■ **What you should do**
All of the data below is to be repeated exactly, except for the pictures.

■ **Data shown**
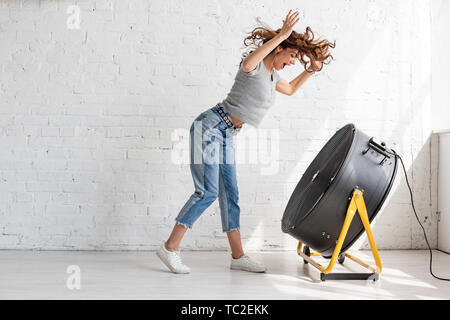 Excitée jeune femme en jean bleu debout avec les mains posées devant le ventilateur de soufflage Banque D'Images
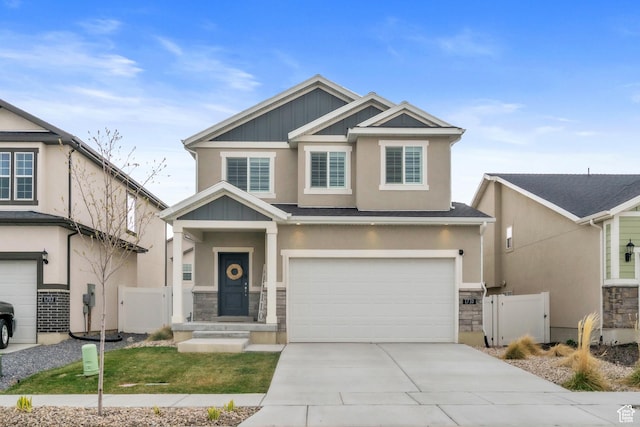 1710 S Prevedel Dr, West Haven, UT 84401 - craftsman house featuring concrete driveway, stucco siding, fence, a gate, and a garage
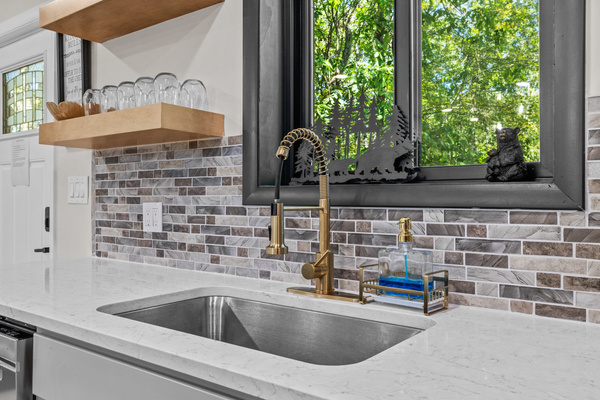 Undermount beneath a large window that frames peaceful forest views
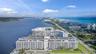 Waterfront residential building with multiple balconies, positioned along a waterway with a prominent ocean backdrop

■ **Solution for this problem**
 Excitée jeune femme en jean bleu debout avec les mains posées devant le ventilateur de soufflage Banque D'Images
 1710 S Prevedel Dr, West Haven, UT 84401 - craftsman house featuring concrete driveway, stucco siding, fence, a gate, and a garage
 Undermount beneath a large window that frames peaceful forest views
 Waterfront residential building with multiple balconies, positioned along a waterway with a prominent ocean backdrop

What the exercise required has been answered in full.